_Work task_
The expected output is an exact copy of each line from the line with "Preview for 8" through the end of the data below, with no pictures in it.

━━━━━ Source material ━━━━━

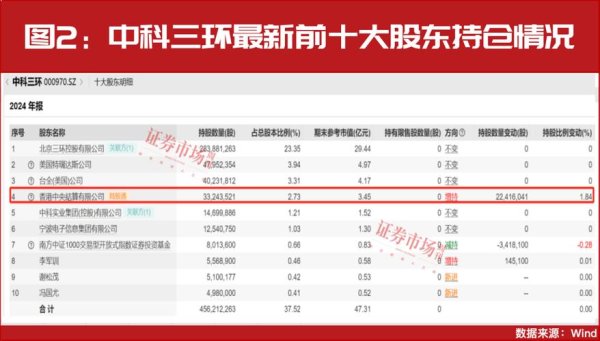 FB股票值得投資嗎？2025最新評級上調與目標價解析〔權威分析〕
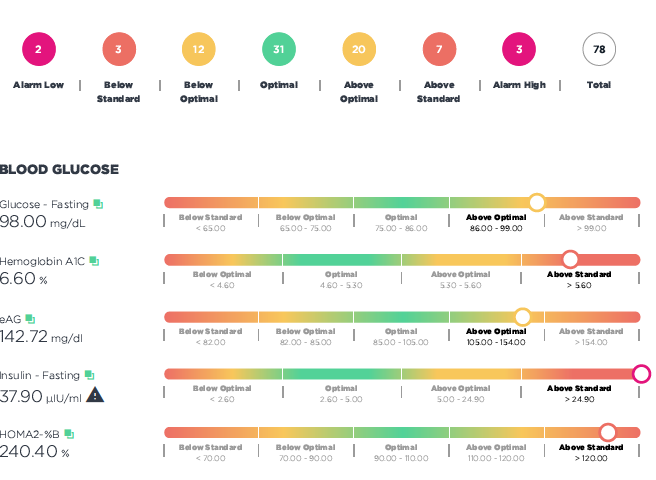 Baseline Labs Chronically Healthy image 0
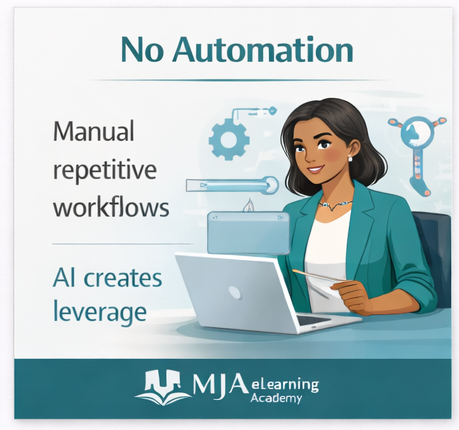 No Automation: How AI Creates Leverage and Eliminates Manual Bottlenecks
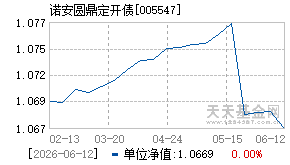 005547基金近期净值走势图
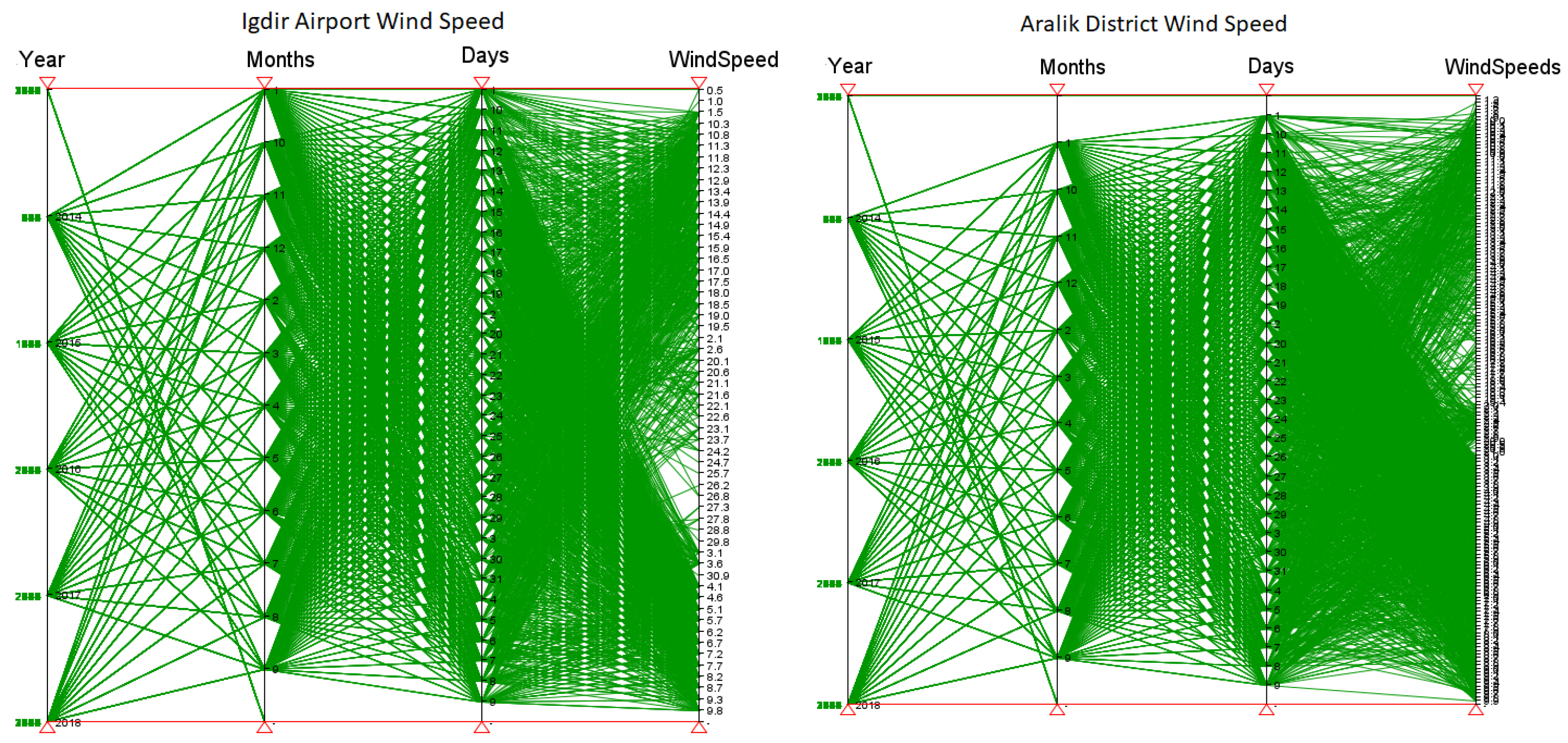 Sustainability 16 08775 g015a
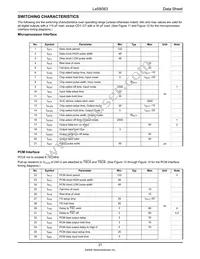 LE58083ABGCT Datasheet Page 21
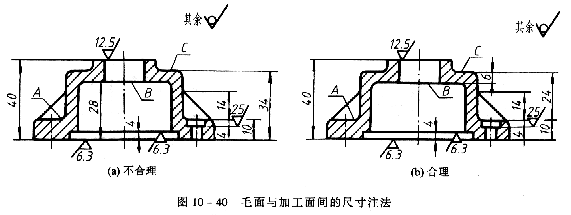 机械制图教程—10-4零件图中的尺寸标注（图文教程）,机械制图教程—10-4零件图中的尺寸标注,图中,教程,制图,标注,零件,第12张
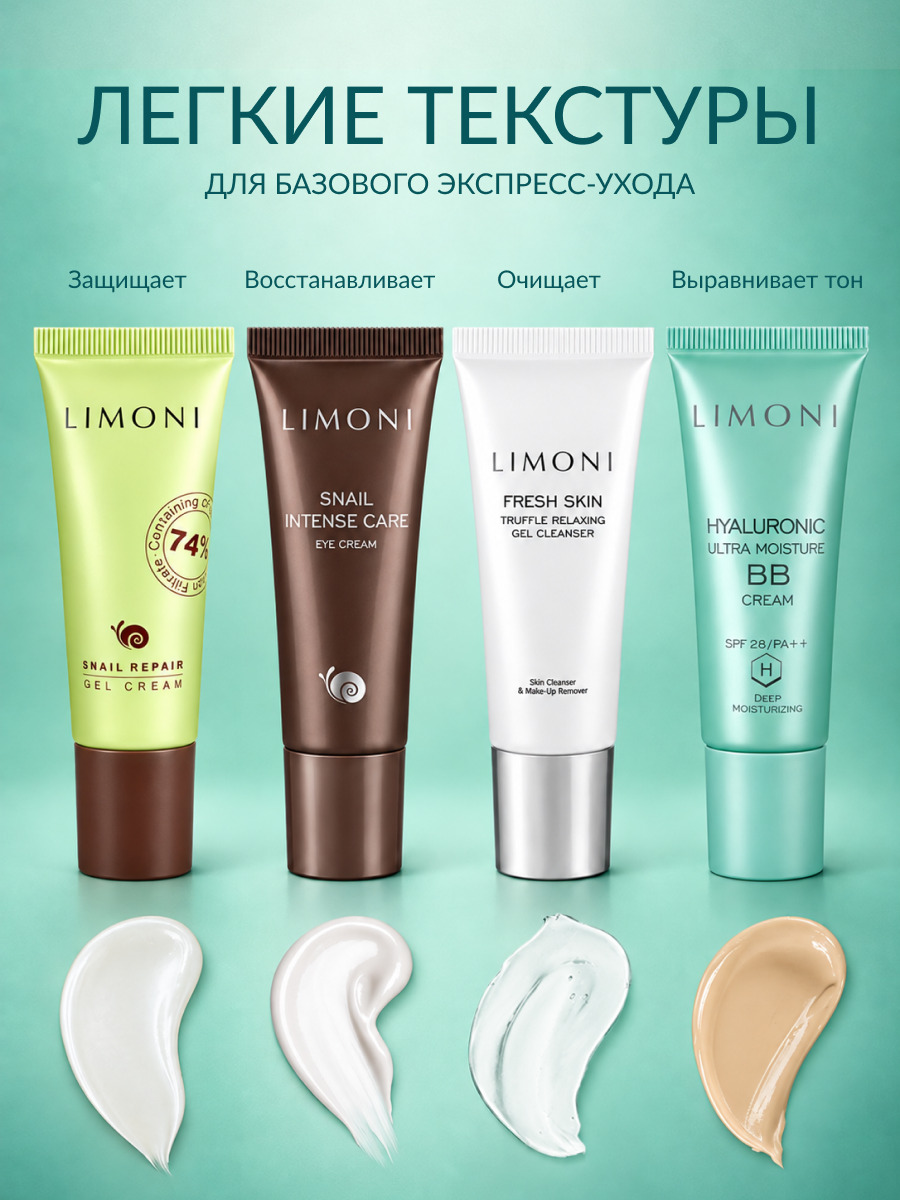 LIMONI Набор миниатюр ежедневного ухода Daily Care Set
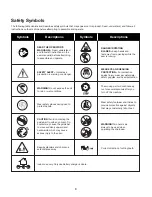 Preview for 8 page of SNOWJOE Sunjoe 24V-X2-CS16-CT-RM Operator'S Manual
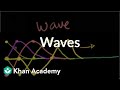 Understanding Waves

━━━━━

_Exercise response_
 Preview for 8 page of SNOWJOE Sunjoe 24V-X2-CS16-CT-RM Operator'S Manual
 Understanding Waves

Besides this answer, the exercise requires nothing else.